◆ EXERCISE AIM: Every line of the data below needs to be reproduced exactly.

◆ RECORDS FOR THE EXERCISE:
^^^^
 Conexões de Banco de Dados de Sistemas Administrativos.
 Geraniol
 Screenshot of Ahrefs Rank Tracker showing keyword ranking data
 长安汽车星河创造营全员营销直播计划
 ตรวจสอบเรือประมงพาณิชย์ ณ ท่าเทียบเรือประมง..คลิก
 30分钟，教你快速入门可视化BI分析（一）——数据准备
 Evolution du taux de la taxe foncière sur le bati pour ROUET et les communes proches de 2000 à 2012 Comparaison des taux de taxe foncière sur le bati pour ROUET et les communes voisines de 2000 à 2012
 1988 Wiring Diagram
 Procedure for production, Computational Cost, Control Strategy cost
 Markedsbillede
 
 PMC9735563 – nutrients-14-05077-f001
^^^^
◆ YOUR RESPONSE:
 Conexões de Banco de Dados de Sistemas Administrativos.
 Geraniol
 Screenshot of Ahrefs Rank Tracker showing keyword ranking data
 长安汽车星河创造营全员营销直播计划
 ตรวจสอบเรือประมงพาณิชย์ ณ ท่าเทียบเรือประมง..คลิก
 30分钟，教你快速入门可视化BI分析（一）——数据准备
 Evolution du taux de la taxe foncière sur le bati pour ROUET et les communes proches de 2000 à 2012 Comparaison des taux de taxe foncière sur le bati pour ROUET et les communes voisines de 2000 à 2012
 1988 Wiring Diagram
 Procedure for production, Computational Cost, Control Strategy cost
 Markedsbillede
 
 PMC9735563 – nutrients-14-05077-f001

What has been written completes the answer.